WORK TO BE COMPLETED:
The entries below are to be transcribed in full, without their images.

Captioned web image data:
____________
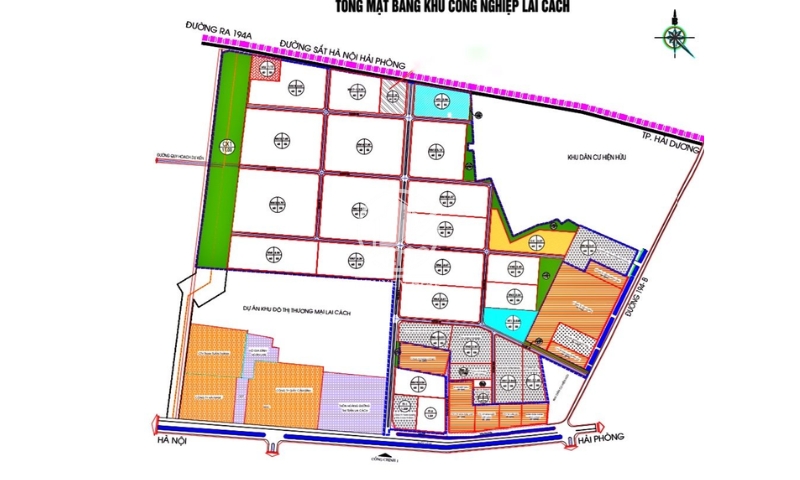 Sơ đồ mặt bằng KCN Lai Cách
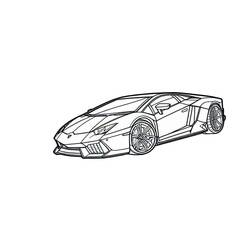 Раскраска: Lamborghini (Транспорт) #217286 - Бесплатные раскраски для печати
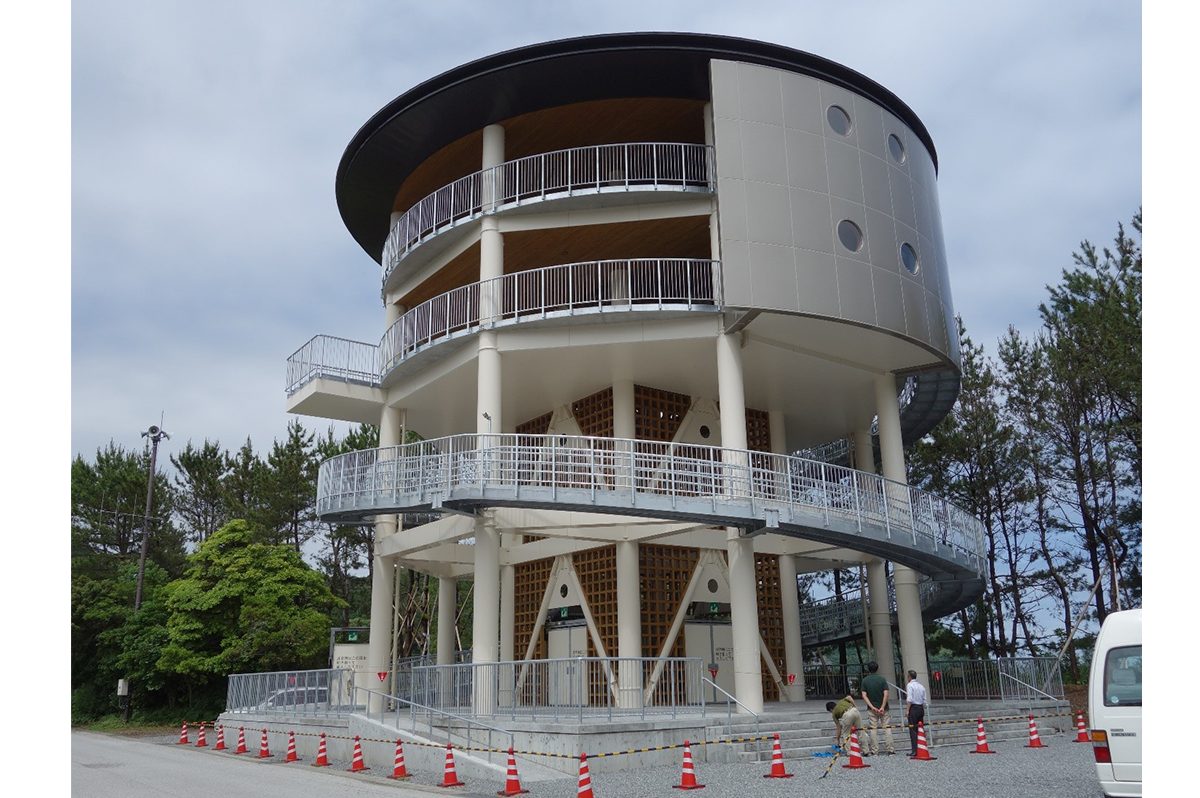 景観に配慮した津波避難タワー（高知県中土佐町）　※画像：原教授提供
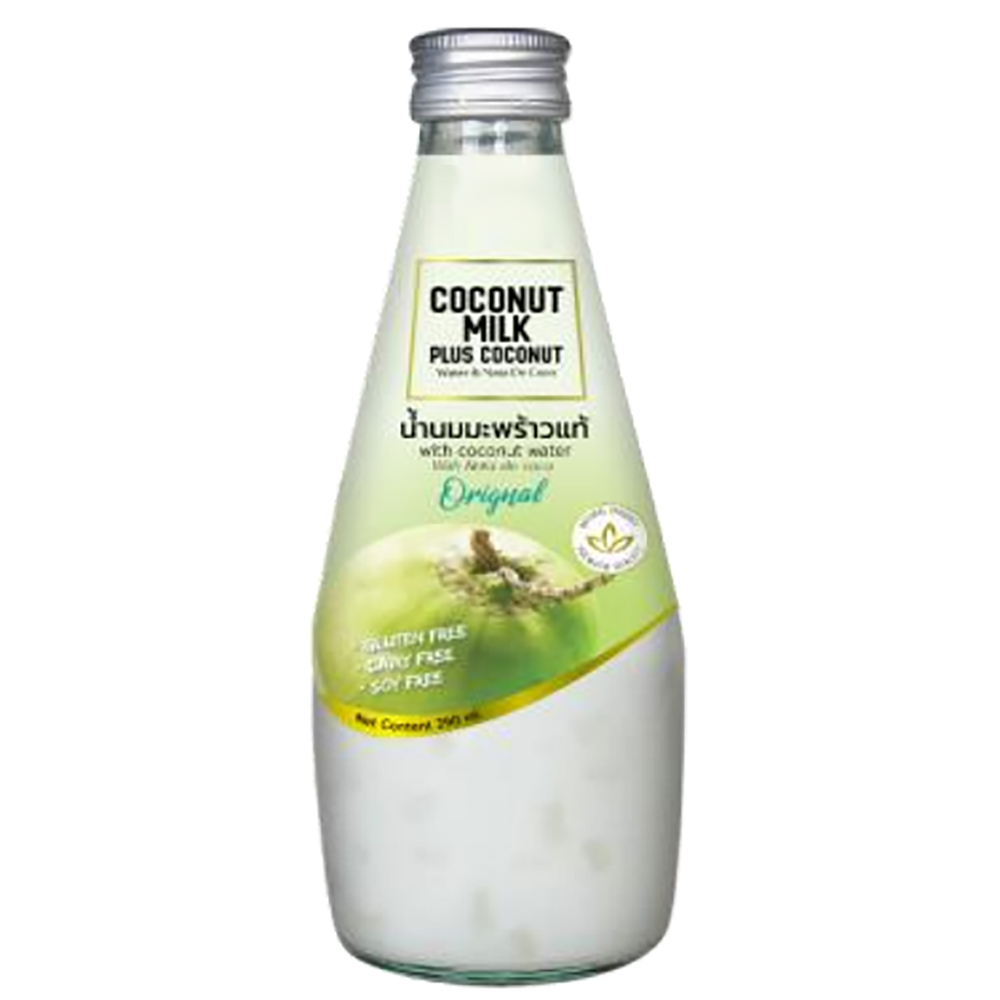 Напиток из кокосового молока с оригинальным ароматом nata de coco в стеклянной бутылке OEM 290 мл от MAREEWA EXPORT CO.,LTD. Из Таиланда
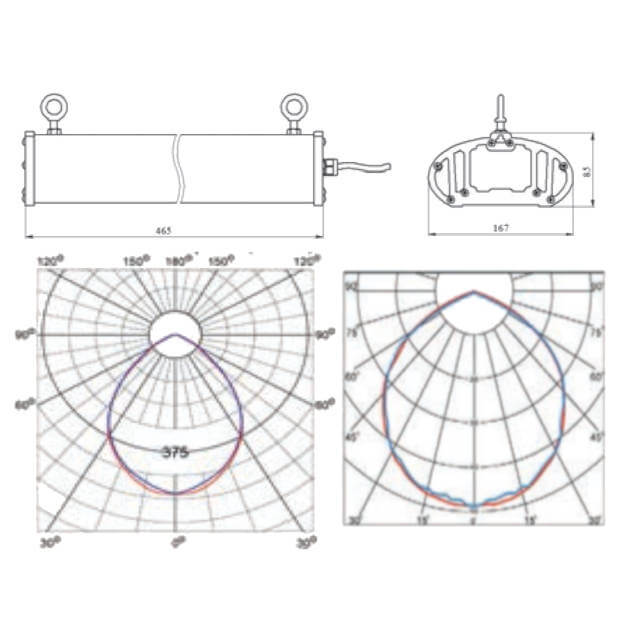 Промышленный светодиодный светильник A-PROM LENS 60/7500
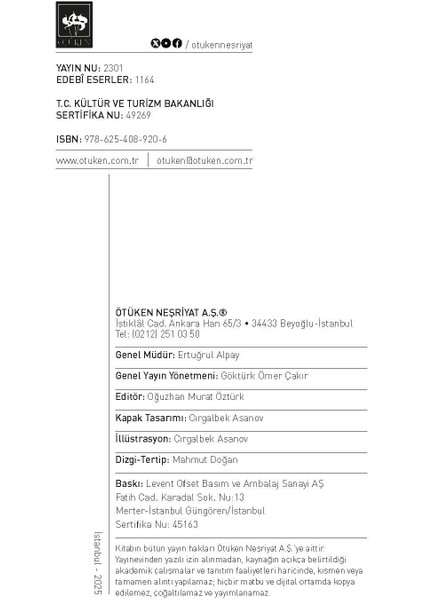 Kızıl Elma - Oğulla Buluşma - Özel Baskı - Cengiz Aytmatov - Ötüken Neşriyat modelleri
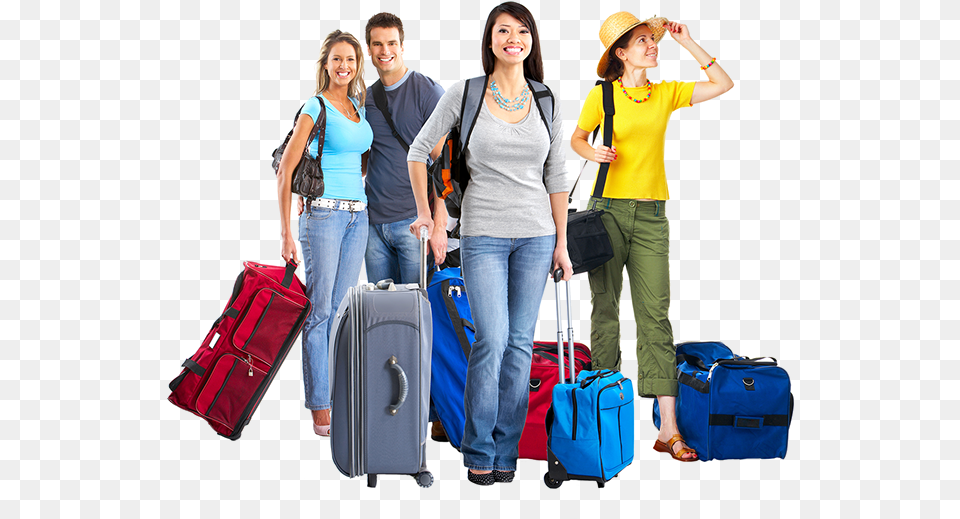People At Airport, Woman, Adult, Person, Baggage Png Image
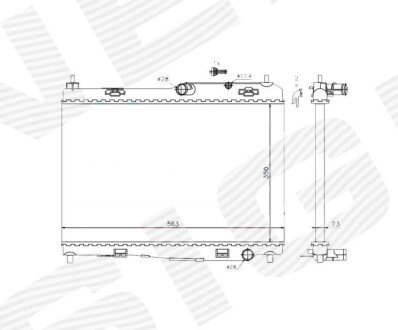 РАДІАТОР | FORD FIESTA, 10.08 - 12.12 Signeda RA69235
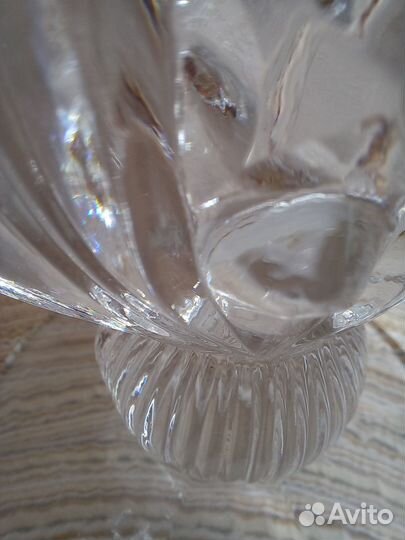 Подсвечники хрустальные СССР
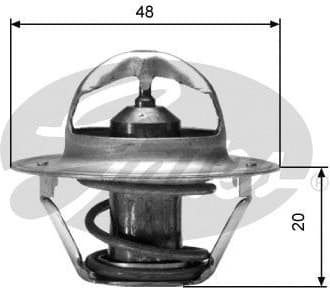 Thermostat, coolant TH00388G1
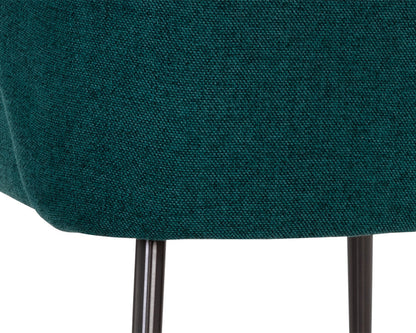 Sunpan - Ivana Dining Chair - Soho Teal - 108878_CLOSEOUT view 8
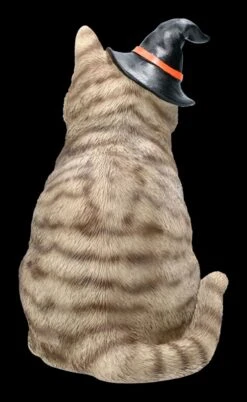 Graue Hexen-Katze Mit Zauberhut -Statuen Modell Verkauf 2D AMI 13805 Graue Hexen Katze mit Zauberhut 3 1280x1280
____________
WORKED SOLUTION:
 Sơ đồ mặt bằng KCN Lai Cách
 Раскраска: Lamborghini (Транспорт) #217286 - Бесплатные раскраски для печати
 景観に配慮した津波避難タワー（高知県中土佐町）　※画像：原教授提供
 Напиток из кокосового молока с оригинальным ароматом nata de coco в стеклянной бутылке OEM 290 мл от MAREEWA EXPORT CO.,LTD. Из Таиланда
 Промышленный светодиодный светильник A-PROM LENS 60/7500
 Kızıl Elma - Oğulla Buluşma - Özel Baskı - Cengiz Aytmatov - Ötüken Neşriyat modelleri
People At Airport, Woman, Adult, Person, Baggage Png Image
 РАДІАТОР | FORD FIESTA, 10.08 - 12.12 Signeda RA69235
 Подсвечники хрустальные СССР
 Thermostat, coolant TH00388G1
 Sunpan - Ivana Dining Chair - Soho Teal - 108878_CLOSEOUT view 8
 Graue Hexen-Katze Mit Zauberhut -Statuen Modell Verkauf 2D AMI 13805 Graue Hexen Katze mit Zauberhut 3 1280x1280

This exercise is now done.